The pod of bottlenose dolphins has been at the popular swimming spot, about a kilometre inland, for a week.

“Kids have been bombing off the bridge and the impact on the water puts the dolphins off feeding,” Mr Bryant said.

“The longer they go with lower than 10kg of fish a day ... they lose condition and, once they lose condition, it’ll be harder when they go back out.” Mr Bryant said the public had cooperated with Australian Seabird Rescue but “our biggest problem will be Australia Day”.

While it is not unusual to spot dolphins in Tweed creeks, Mr Bryant said it was a concern to see them stay around for so long.

One of the male dolphins left the creek last week but returned on Saturday night, Mr Bryant said.

“We’re hoping it knows the way out and might take the other three with it,” he said.
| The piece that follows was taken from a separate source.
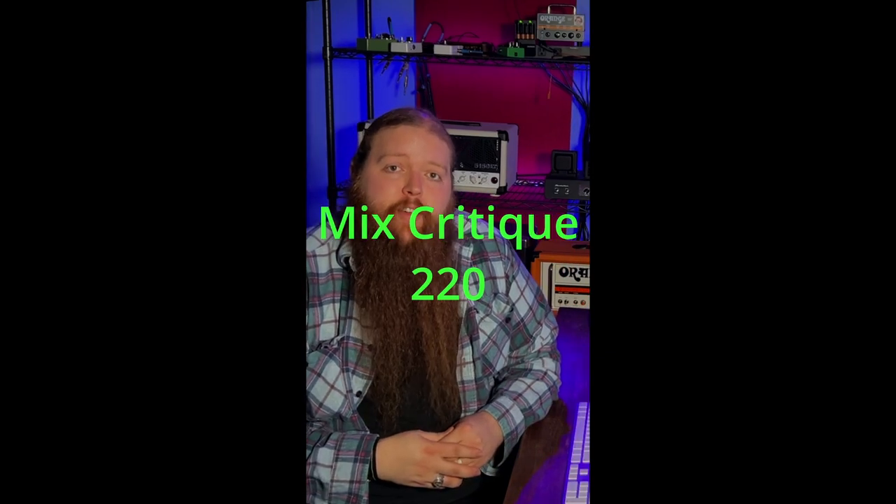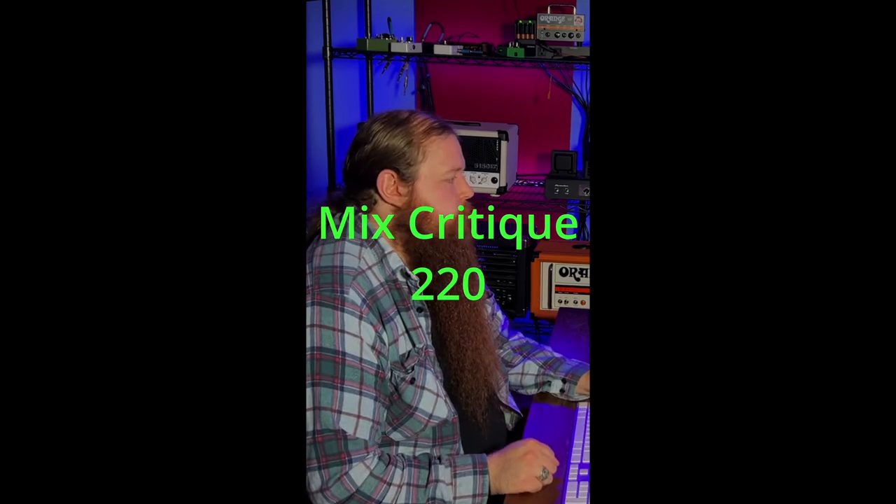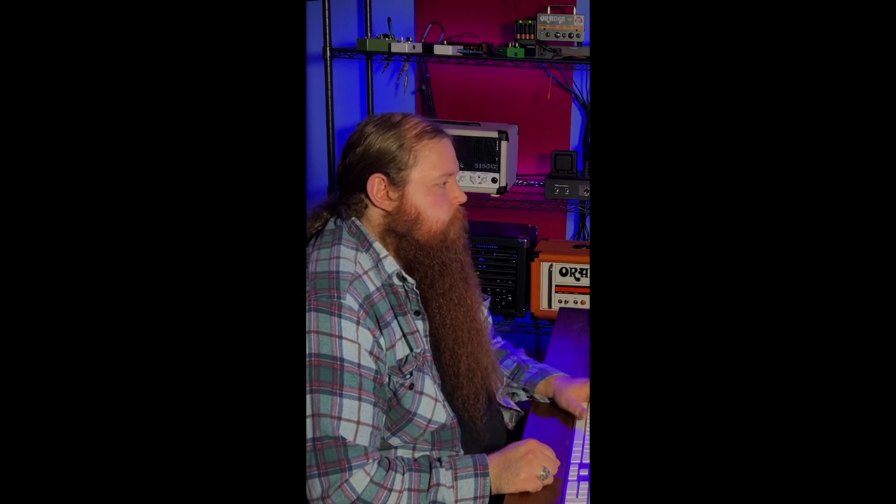This mix was sent in by Matthew — it's a one-minute track and half of it is silence. That was a really short track so I'll keep my notes just as short: too much high mids in the guitar, too much reverb on the drums, and the bass isn't sitting right.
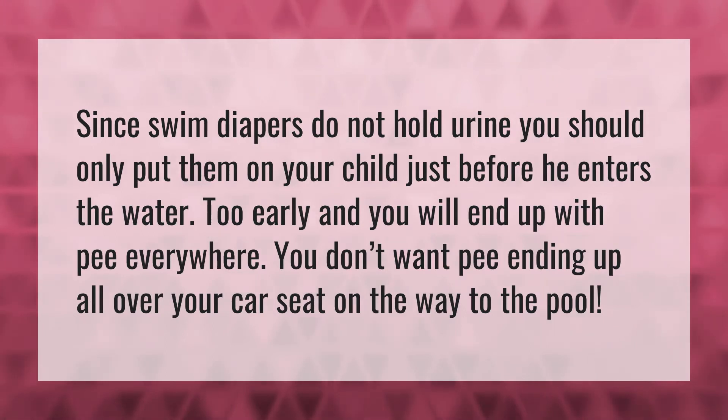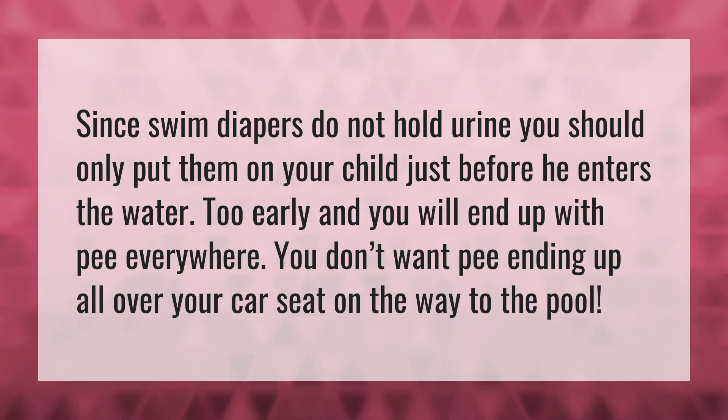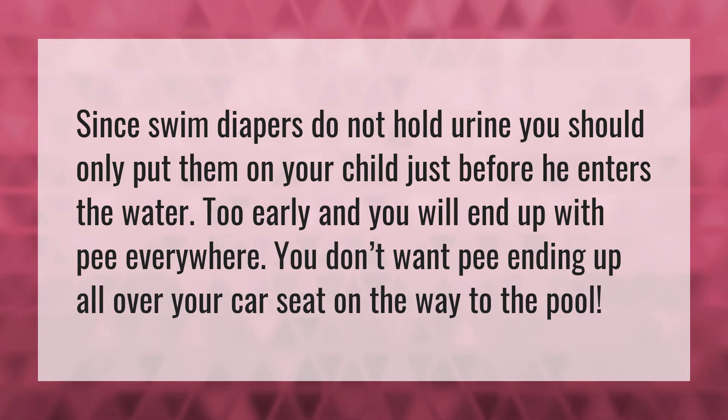Since swim diapers do not hold urine, you should only put them on your child just before he enters the water. Too early and you will end up with pee everywhere. You don't want pee ending up all over your car seat on the way to the pool.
“The adults want to get out but the little one is hesitant.”

The dolphins are being monitored by Australian Seabird Rescue, National Parks rangers and SeaWorld staff.

“If nothing’s done by Wednesday we’ll try to use a net to shoo them out,” Mr Bryant said.

Previous attempts to force the pod out, by lining up boats and kayaks and making noise, were unsuccessful.